Supreme Court of South Carolina
Jun 10, 1948
213 S.C. 319 (S.C. 1948)

Summary

distinguishing the felony of grand larceny from the statutory misdemeanor of petit larceny

Summary of this case from State v. Parker

Opinion

16091

June 10, 1948.

Appeal from General Sessions Circuit Court of Richland County: J. Henry Johnson, Judge.

Louise Huffstetler was convicted of grand larceny, and she appeals.

Affirmed and remanded.

Mr. G. Raymond McElveen, of Columbia, for Appellant, cites: As to error on part of trial judge in sentencing defendant to hard labor upon the public works of the county or in the state penitentiary: 162 S.C. 52, 160 S.E. 144; 20 S.C. 364, 47 Am. Rep. 840; 20 S.C. 383; 89 S.C. 134, 71 S.E. 847; 122 S.C. 192, 115 S.E. 232; 125 S.C. 267, 118 S.E. 423; 131 S.C. 422, 127 S.E. 840. As to the sentence being excessive: 191 S.C. 212, 4 S.E.2d 1; 198 S.C. 98, 16 S.E.2d 532. As to the crimes charged in the indictment being no more than separate acts of petty larceny: 111 S.C. 331, 98 S.E. 133.

Mr. T.P. Taylor, Solicitor, of Columbia, for Respondent.


June 10, 1948.


Appellant pleaded guilty at the January 1948 term of the Court of General Sessions for Richland County to two indictments which charged her with separate crimes of grand larceny; and was sentenced to serve terms of twelve months and eighteen months, respectively, making a total of thirty months, at hard labor upon the public works of the county, or for a like period in the State penitentiary, with the further provision that upon the service of four months and five months, respectively and consecutively, the remainder of the sentences should be suspended and the defendant placed on probation for a period of five years upon each indictment.

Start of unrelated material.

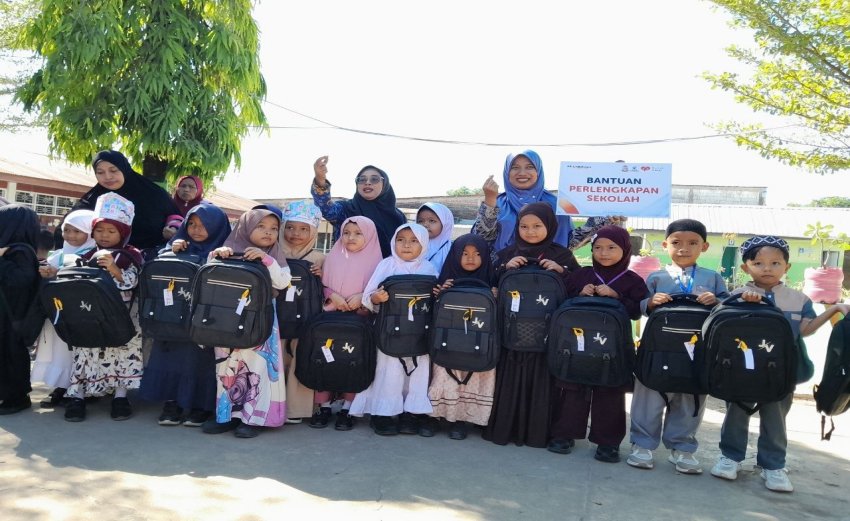 Tas Baru, Semangat Baru: Kolaborasi Rumah Zakat dan Dinas Pendidikan Kota Makassar Hadirkan Senyum untuk 56 Siswa SD Negeri Parinring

Appellant was represented by experienced counsel who was heard in her behalf before sentence.

The appeal is from the sentences, first that a convicted female may legally be sentenced only to the county jail or State penitentiary at such labor as she can perform; second, that the sentences were cruel and excessive, in violation of the State and Federal Constitutions; and third, that one of the indictments merely charged a series of petit larcenies.

The third exception is manifestly untenable and requires little discussion. That indictment charged the theft on a specified date from a certain retail store of three dresses of itemized values which aggregate $26.18. The only meaning of which the indictment is reasonably susceptible is that the taking of the three dresses was one act, and the total value of them made the crime grand larceny. Moreover, appellant's plea of guilty of grand larceny is now conclusive upon her in this respect.

The second exception is equally devoid of merit. There were two offenses of grand larceny, of which appellant admitted her guilt. The sentences which aggregated thirty months were well within the statutory limit of the judge's discretion. Our last authority upon the subject is State v. Scates, 212 S.C. 150, 46 S.E.2d 693, where it was said, upon citation of earlier authorities, that this Court has no jurisdiction to reverse a sentence as excessive when it is within the limits prescribed by law as in the discretion of the trial judge, and is not the result of partiality, prejudice, oppression or corrupt motive.

The crime of grand larceny is a felony and is so distinguished from petit larceny, which latter is made a misdemeanor by statute. Sec. 1160, Code of 1942. The punishment for grand larceny is not particularly prescribed by statute so it falls within the terms of Sec. 1034 of the Code, as follows: "Where no special punishment is provided for a felony, it shall, at the discretion of the court, be by one or more of the following modes, to-wit: confinement in the penitentiary, or in a workhouse or penal farm (when such institutions shall exist), for a period not less than three months nor more than ten years, with such imposition of hard labor and solitary confinement as may be directed."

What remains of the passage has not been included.